Was wie eine alternative Szene aus dem Pferdeflüsterer oder eine Ausgabe der Wendy für große Mädchen wirken mag, ist tatsächlich ein Foto auf einem Instagram-Account. Der so zärtliche Mann heißt Tibor Pusch und bezeichnet sich selbst als "slowakischer Wikinger" und Naturliebhaber. Ach ja, außerdem töpfert er. Er könnte aber ebenso gut in einer dieser skandinavischen Viking-Metal-Bands einen axtförmigen Bass schwingen oder der Harfe ein paar warme Töne entlocken. Etwas deplatziert in dieser sanften Ich-Erzählung wirkt sein speerförmiges Piercing, das ihm unterhalb der Lippe aus dem Gesicht ragt, locker vier Zentimeter ist es lang. Der Stachel im Gesicht, soviel lehrt uns wohl die Psychoanalyse, ist phallisches Symbol und Abwehrmaßnahme zugleich. Keine Frau kann diesen Mann bestürmen oder küssen, obwohl sein üppiges Gesichts- und Kopfhaar sie dazu verführen mag, ihre Finger in seinem Haar zu vergraben.

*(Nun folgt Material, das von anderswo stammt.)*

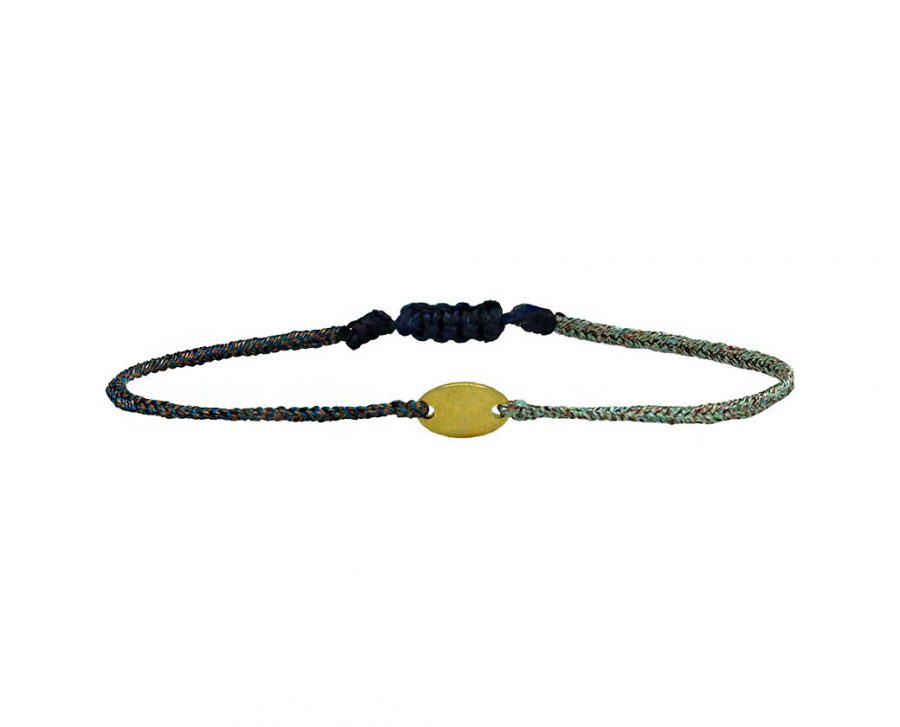 bracelet-bleu-cordon-lurex-ovale-dore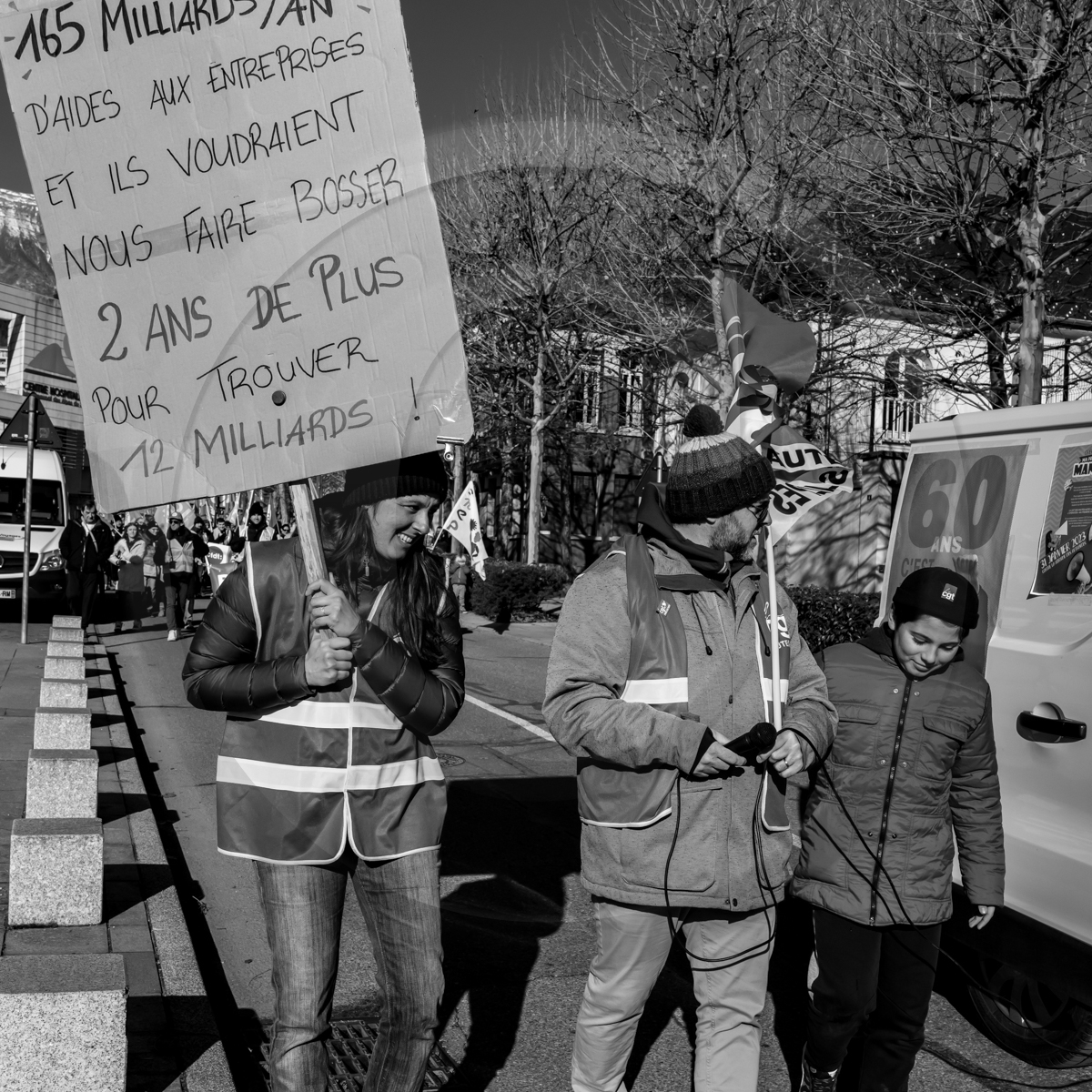 31 janvier 2023 : Manifestation contre la réforme des retraites. Plus de 4000 personnes dans les rues de Gap (Hautes-Alpes). 31 janvier 2023 : Manifestation contre la réforme des retraites. Plus de 4000 personnes dans les rues de Gap (Hautes-Alpes).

Die Bilder auf seinem Account senden also eine seltsam hybride Botschaft: Dieser Wikingertyp wirkt, als wolle er jeden Moment auf ein Langschiff springen und – sagen wir – den amerikanischen Kontinent erobern. Dort angekommen, würde er allerdings nur die lokalen Rinder streicheln. Oder eben Welpen. Das ist auf Fotos nicht nur ungeheuer ästhetisch und instagramkompatibel. Es generiert auch Zehntausende Likes und Emojis, denen Herzen aus den Augen springen.
Die Mischung aus Härte und Zartheit, vermeintlicher Natürlichkeit und Naturverbundenheit ist nicht nur das haarige Gegenbild zur eher homoerotischen Ikonografie des Tankwart-Erotikkalenders, dessen Hauptzielgruppe vermutlich nicht Frauen sind. Diese Instagram-Bilder richten sich, so wirken sie jedenfalls, an wahlweise pubertierende Mädchen oder an Hausfrauen um die Fünfzig, die sich beim Blick auf ihren vielleicht bierbäuchigen Partner fragen, ob es nicht doch noch mehr geben könnte da draußen. Vielleicht so einen Wikingertypen, der einen im häuslichen Hof überfällt und dann – aber ach, ich schweife ab!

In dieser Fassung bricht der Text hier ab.